Örneğin, Rojbin’in de ifade ettiği gibi, Ayşenur ve İkbal’in katledilmesinin ardından gerçekleşen kitlesel eylemlerdeki kalabalık, sonrasında aynı öfkeyi, heyecanı, dayanışma duygusunu ısrarlı bir biçimde sürdürmedi. Etkinliklere, buluşmalara, birlikteliği sürekli kılacak alanlarda var olma isteği ancak bazı gündemlere sıkıştı. Tabii ki süreklilik isteyen bu mücadele sorumluluk almayı gerektiriyor, kendiliğinden gelişiyor sanılan bir eylemin arkasındaki örgütlenme sürecinin, bir etkinliğin gerçekleşebilesi için çekilen zahmetin de görülmesini ve bir parçası haline gelmeyi de içinde barındırıyor. Kuşkusuz bu daha zor olandır ama bunu yapmadığımız sürece haklarımıza ve hayatlarımıza yönelik saldırıların karşısında daha zayıf kalacağımızı da görmeliyiz.

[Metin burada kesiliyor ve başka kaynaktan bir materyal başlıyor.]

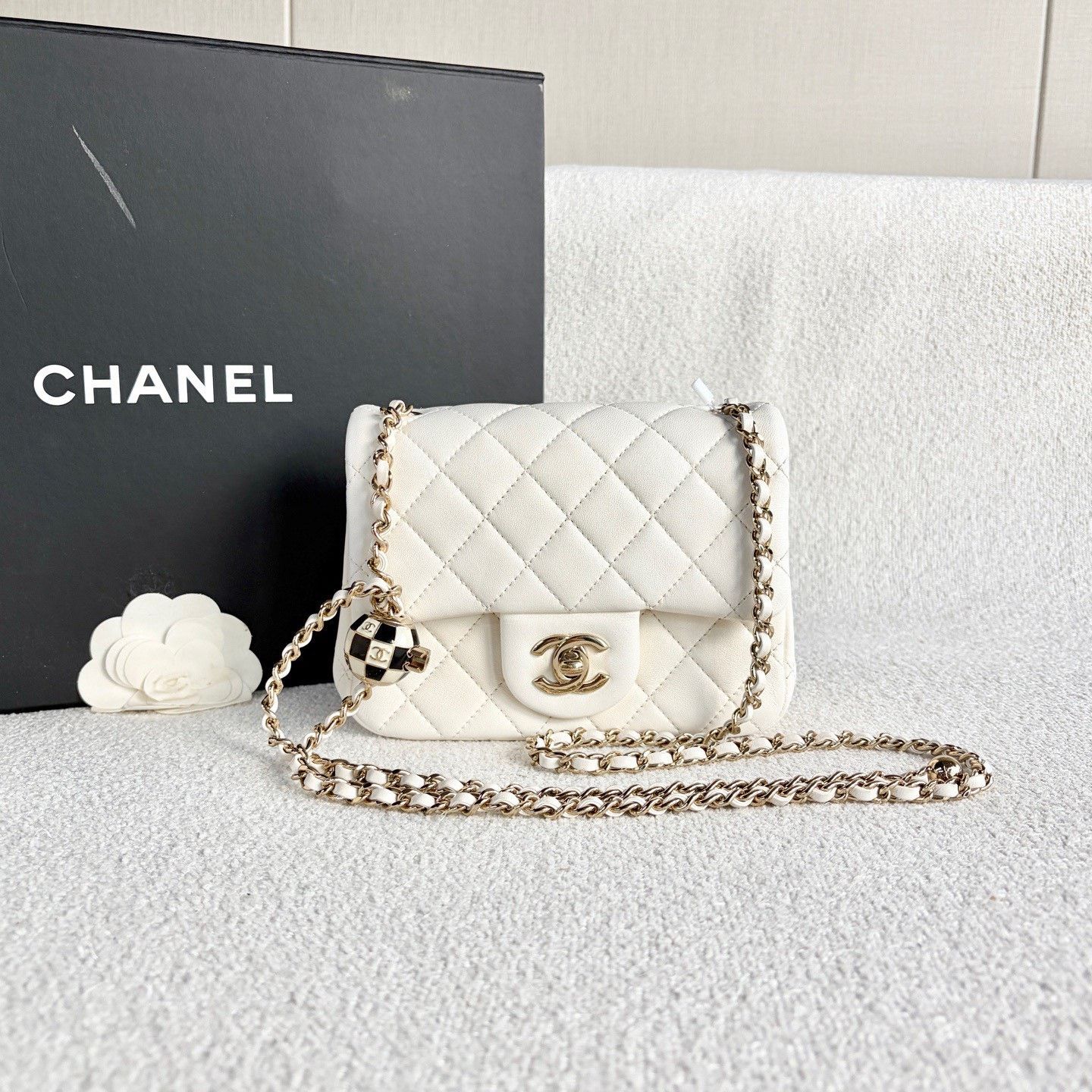 Chanel Pre-loved Bag Very good condition Size ONE SIZE - 1 Thumbnail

Bu 25 Kasım kendisini kuşatan tüm bu koşullara rağmen üniversiteli genç kadınların bir yandan güvenli kampüsler için CİTÖB’lerin etkinleştirilmesini talebini yükselttiği; bir yandan da taciz, mobbing ve eğitimde eşitsizliğe karşı; kadın öğrencilere yönelik yurt, burs ve barınma olanaklarındaki yetersizliğe karşı haklarına ve hayatlarına sahip çıktığını gösterdiği bir gün olacak.
Adalet isteyen, eşitlik isteyen, özgür, şiddetsiz bir gelecek isteyen; cezasızlık düzenine karşı ayağa kalkan, “Kırıntıları değil hayatın tamamını istiyoruz” diyen üniversiteli genç kadınların birlikteliklerinden aldıkları cesaret bu 25 Kasım’da da sokaklara taşacak.